Public Hall

There are many public or community halls in the Crown estate, often surrounded by grounds. The age of many such halls means they may have historical significance, with concomitant heritage considerations. Apart from being used by the local community, they may be hired out for a variety of activities on a regular basis, as well as one-off functions and special events, like filming.

Key considerations

  • Managing assets and heritage – managing the maintenance and upkeep of the hall and grounds, allowing for heritage requirements and community expectations.
  • Planning and development – overseeing all stages of each project, while keeping within heritage guidelines. Consult with the local community and respect their requests and expectations.
  • Funding – money needed for utilities, maintenance and improvements may be met by hiring out the hall, though you may need to apply for grants to fund larger projects.
  • Insurance – you’re likely covered for public liability, property and volunteer insurance, but note there are some exclusions based on the activities being carried out.
  • Managing visitors –while encouraging public use of your hall, you need to manage the rights and responsibilities of visitors, staff, neighbours and other members of the community.
  • Licences – when renting your facilities to others, get your agreements in writing.

The Downside Recreation Reserve and public hall

The Downside Recreation Reserve, near Wagga Wagga in southern NSW, was gazetted early in the early 20th century. The hall was built in 1926, and was upgraded in 2006–07 with new toilets and servery facilities.

One of the best-preserved old-time community halls in the state, the hall has hosted balls, dances, 21st birthday parties, kitchen teas, card parties, meetings, concerts, plays, wedding receptions, Scouts, and NSW Rural Fire Service meetings and events. It has even featured on the silver screen – scenes from the movie "The Crossing" (1990), starring Russell Crowe were filmed at the hall.
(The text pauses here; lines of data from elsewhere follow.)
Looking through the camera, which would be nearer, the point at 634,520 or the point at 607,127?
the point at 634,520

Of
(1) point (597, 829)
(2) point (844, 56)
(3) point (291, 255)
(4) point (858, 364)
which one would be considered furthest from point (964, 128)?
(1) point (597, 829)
On the first Saturday of each month you can put on your dancing shoes and get down to the sounds of bush dance band, the Tin Shed Rattlers – a 35-year tradition still going strong.

The Downside Recreation Reserve and public hall is managed by a community-based Crown land manager (CLM), which has responsibility for the care, control and management of the reserve. CLM treasurer, Patrick Condell, shared his insights into managing a public hall.

Heritage listing

“I’ve not sighted any 'heritage listing' documents, but recent grants for extensions and refurbishment have had declarations on architect drawings and Wagga Wagga City Council admissions of 'heritage listing' on the hall premises”, says Patrick.
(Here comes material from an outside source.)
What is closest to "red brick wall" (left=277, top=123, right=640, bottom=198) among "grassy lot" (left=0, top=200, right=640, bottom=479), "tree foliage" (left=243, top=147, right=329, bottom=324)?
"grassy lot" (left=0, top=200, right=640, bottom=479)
Heritage listing has its pros and cons.

“All works we do have had to be approved under 'heritage listing' requirements, and the renovations have been more expensive because of this", explains Patrick. "Funding the renovations was only possible by applying for and receiving local and state government grants, as well as other public and private grants.

“The massive advantage of 'heritage listing' is that the hall is aesthetically appealing. This leads to more hiring – because of the ambience.”

Neighbours and noise

“One major problem stems from near neighbours complaining about noise from private events held at the hall”, says Patrick.

“We have noise levels and time restrictions monitored by a security guard at relevant functions, and limit the number of functions each month, but we still have complaints – some people believe that living in the country should be peaceful!”

Raising money

“We have a board member who is very experienced at applying for funding grants”, says Patrick. “That has led to a high success rate, which has allowed the board to organise many maintenance, renovation and extension works. These would not be possible on hire fees alone.

“Each year we hold between three and six community events that may include fund-raising, but generally the events are just to allow the locals a reason to get together. The board believes that general community gatherings are more important than raising small amounts of money, especially when one hiring can raise more.”

Patrick’s top tips for managing a public hall

  • Consult with your near neighbours, as they are most affected by any function held at the hall or on the grounds.
  • Overbooking the hall may mean locals miss out. We only book two or three functions per month, to allow vacancies for locals to use the hall if desired. We charge a minimal fee for locals, and higher fees for outsiders.
  • Having a harmonious group of board members is important – they have to work together for the future of the hall and grounds.
  • Having some direction or purpose – such as renovations, upgrades, maintenance or working bees -- makes the experience more rewarding for board members and local volunteers, as they see improvements.
  • When looking for new board members, we ask community-minded people who are interested in the future of the hall and grounds to apply for the position.
  • Having outsider hirings covers the basic costs (electricity, water, minor maintenance), allowing us to have community gatherings at no charge. The hall was built by the locals, is run by locals and belongs to the locals – it’s a part of the community.